National Partnership for Student Success Summit

U.S. Secretary of Education Dr. Miguel Cardona speaking at the Student Success Summit

U.S. Secretary of Education Dr. Miguel Cardona offered the opening remarks at the 2023 National Partnership for Student Success Summit. Secretary Cardona encouraged educators and leaders of participating education support organizations to continue expansion of the National Partnership for Student Success (NPSS).

The NPSS helps states, schools, local communities, youth development organizations, colleges and universities, and others who support youth to implement, expand, and improve programs supporting students through five evidence-based roles:  Mentors, Tutors, Student Success Coaches, Postsecondary Transition Coaches, and Integrated Student Supports Coordinators.

Breakout sessions at the summit covered topics relevant to today’s educational challenges including addressing chronic absenteeism, strategies to implement high impact tutoring, expanding professional pathways for students and more.

2023 Virginia Education and Workforce Conference

Five panelists and a moderator on stage at the Virginia Education and Workforce Conference

Internships, work-based learning, talent pathways, increasing social mobility and getting unemployed and underemployed people in the workforce were among the many topics discussed at the Virginia Chamber Foundation’s 2023 Virginia Education and Workforce Conference.

Hosted at the Greater Richmond Convention Center, the conference brought together political and business leaders as well as higher and K-12 education leaders to discuss ways to position the state’s workforce for success.

Data presented at the conference highlighted workforce challenges nationally and in the commonwealth, but solutions took center stage as speakers and panelists put forth ideas on ways to reduce the time and cost to earn a college degree, ways to develop valuable paid internships, and the benefits of looking toward and developing often overlooked populations including formerly incarcerated people.

As evidence that social mobility matters, 88% of respondents to a Growth4VA survey agree that “Since social mobility is especially important in our diverse state, Virginia’s Governor and General Assembly should work to increase student financial aid so that college is more affordable for low-income and first-generation college students.”

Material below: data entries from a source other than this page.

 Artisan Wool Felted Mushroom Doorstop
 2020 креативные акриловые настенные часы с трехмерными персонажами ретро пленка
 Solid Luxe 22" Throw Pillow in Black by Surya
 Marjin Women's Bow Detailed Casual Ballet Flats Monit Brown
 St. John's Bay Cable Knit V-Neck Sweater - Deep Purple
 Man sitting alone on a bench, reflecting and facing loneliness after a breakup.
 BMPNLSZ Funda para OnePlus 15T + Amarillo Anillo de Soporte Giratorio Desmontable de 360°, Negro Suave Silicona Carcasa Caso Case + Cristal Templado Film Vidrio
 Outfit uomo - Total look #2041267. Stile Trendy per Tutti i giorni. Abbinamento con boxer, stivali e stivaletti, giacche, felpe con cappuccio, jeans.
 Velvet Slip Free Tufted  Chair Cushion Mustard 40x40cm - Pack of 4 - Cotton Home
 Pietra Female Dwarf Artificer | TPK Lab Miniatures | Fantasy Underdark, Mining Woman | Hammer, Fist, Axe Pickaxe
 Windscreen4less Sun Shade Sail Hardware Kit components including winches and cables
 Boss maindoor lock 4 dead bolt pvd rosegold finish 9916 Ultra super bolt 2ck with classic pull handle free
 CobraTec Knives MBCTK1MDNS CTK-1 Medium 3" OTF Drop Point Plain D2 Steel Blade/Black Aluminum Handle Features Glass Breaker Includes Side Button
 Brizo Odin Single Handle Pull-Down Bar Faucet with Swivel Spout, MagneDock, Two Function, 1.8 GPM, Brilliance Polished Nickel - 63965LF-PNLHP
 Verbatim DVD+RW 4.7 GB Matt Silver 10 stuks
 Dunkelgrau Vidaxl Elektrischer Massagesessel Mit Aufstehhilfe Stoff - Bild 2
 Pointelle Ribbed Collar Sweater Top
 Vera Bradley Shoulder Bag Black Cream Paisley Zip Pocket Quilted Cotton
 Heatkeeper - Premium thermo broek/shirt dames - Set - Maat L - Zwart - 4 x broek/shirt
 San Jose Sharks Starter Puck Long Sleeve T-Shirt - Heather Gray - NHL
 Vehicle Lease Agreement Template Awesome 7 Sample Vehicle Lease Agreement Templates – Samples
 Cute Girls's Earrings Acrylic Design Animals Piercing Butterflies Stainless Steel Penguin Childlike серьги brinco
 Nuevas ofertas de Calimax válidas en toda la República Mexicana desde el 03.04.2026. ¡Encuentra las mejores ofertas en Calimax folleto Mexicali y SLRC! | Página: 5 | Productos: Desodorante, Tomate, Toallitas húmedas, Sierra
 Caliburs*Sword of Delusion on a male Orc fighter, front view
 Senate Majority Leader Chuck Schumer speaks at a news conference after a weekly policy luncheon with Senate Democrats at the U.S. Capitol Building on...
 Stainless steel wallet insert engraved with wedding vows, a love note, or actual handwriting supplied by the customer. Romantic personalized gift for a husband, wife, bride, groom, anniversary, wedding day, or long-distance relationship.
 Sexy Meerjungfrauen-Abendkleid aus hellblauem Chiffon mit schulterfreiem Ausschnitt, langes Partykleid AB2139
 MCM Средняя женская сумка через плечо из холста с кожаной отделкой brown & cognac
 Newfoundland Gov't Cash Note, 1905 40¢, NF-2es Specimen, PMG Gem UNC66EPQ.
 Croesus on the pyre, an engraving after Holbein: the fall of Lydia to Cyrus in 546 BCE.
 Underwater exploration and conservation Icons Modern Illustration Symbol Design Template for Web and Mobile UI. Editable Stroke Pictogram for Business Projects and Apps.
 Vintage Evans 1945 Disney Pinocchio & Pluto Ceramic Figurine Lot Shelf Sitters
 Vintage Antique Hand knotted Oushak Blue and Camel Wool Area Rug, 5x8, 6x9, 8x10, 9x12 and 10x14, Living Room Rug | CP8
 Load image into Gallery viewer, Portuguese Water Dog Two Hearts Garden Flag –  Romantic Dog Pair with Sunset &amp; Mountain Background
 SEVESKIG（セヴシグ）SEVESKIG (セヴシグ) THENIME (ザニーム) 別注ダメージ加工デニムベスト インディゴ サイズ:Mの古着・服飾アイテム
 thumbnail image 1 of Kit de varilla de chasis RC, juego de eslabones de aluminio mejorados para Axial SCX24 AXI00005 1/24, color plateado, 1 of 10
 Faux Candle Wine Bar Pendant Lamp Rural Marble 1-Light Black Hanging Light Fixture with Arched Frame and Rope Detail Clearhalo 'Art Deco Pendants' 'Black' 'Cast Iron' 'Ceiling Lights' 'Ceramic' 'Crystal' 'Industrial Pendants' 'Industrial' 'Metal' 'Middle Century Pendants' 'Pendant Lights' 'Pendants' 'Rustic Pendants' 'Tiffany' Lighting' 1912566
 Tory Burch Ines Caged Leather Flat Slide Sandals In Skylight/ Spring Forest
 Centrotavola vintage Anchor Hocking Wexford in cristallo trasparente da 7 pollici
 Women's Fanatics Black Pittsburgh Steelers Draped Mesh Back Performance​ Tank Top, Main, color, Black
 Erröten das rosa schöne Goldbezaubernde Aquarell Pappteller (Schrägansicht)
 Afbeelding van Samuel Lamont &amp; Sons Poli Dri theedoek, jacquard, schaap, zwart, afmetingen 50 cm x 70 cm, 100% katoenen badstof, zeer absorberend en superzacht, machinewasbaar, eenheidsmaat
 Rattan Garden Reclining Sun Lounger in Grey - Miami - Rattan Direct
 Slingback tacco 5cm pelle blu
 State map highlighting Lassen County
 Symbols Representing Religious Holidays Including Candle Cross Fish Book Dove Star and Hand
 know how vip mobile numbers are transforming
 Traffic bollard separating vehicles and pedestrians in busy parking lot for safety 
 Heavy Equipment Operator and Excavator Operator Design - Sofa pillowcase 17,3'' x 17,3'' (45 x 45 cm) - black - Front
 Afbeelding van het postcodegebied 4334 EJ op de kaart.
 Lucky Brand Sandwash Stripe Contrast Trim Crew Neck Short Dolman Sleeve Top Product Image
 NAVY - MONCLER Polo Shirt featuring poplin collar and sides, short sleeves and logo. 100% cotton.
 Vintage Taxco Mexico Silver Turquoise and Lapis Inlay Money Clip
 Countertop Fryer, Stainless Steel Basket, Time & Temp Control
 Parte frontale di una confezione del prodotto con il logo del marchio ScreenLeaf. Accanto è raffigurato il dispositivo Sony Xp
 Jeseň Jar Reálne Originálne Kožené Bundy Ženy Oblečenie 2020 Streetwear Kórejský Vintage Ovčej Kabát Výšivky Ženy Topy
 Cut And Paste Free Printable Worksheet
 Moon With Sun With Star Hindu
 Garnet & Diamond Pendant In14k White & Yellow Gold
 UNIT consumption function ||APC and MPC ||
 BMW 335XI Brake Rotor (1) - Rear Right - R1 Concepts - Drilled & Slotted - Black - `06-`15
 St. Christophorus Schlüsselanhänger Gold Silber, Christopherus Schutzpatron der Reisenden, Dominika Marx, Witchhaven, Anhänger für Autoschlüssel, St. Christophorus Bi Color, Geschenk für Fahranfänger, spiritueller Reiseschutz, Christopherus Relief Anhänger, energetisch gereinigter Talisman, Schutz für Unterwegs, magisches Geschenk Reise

The summary of a 2023 Growth4VA Public Opinion Survey entitled Virginia Voter Attitudes on Higher Education and the Economy, concluded that, “In a time of great political division, there is something on which Virginians in both parties strongly agree: It’s time to invest in Virginia’s talent.” 


Science and Engineering Fair Sponsors and Judges Needed

Robinson Secondary School's gym filled with students and judges at the science fair

Each year, businesses and organizations provide support for the Fairfax County Regional Science and Engineering Fair by sponsoring awards and serving as judges.

Judging for this year’s fair will be in-person on Saturday, March 16th, 2024 at Robinson Secondary School in Fairfax, VA

More information about the Science and Engineering Fair, including the form to register your organization, can be found under the “Special Awards from Organizations” section on the FCPS website:

Your dedication and support for the Fairfax County Regional Science and Engineering Fair is necessary, and appreciated. More importantly, judging is a lot of fun and quite a learning experience. 

Contact Brian Schwenk, FCPS Regional Science and Engineering Fair Special Awards Coordinator at [email protected]. Please do not hesitate to reach out with any questions.


Forestdale Elementary School’s New Generous Neighbor

Forestdale Elementary School Principal Jennifer Cunneen accepting a $5,000 check from Burlington, their new neighbor.

A big thank you is in order to the Burlington store team at Springfield Mall for their donation through AdoptAClassroom to Forestdale Elementary School which is located in the shadows of the new store.  The store opened on November 10, and Burlington made an impression that day!

The Forestdale team, as a way to say thank you, invited their new neighbors to the school’s Thanksgiving Luncheon. Forestdale Principal Jennifer Cunneen says that they’re using the funds to purchase teaching and learning materials. 

Thank you Burlington. Thank you AdoptAClassroom.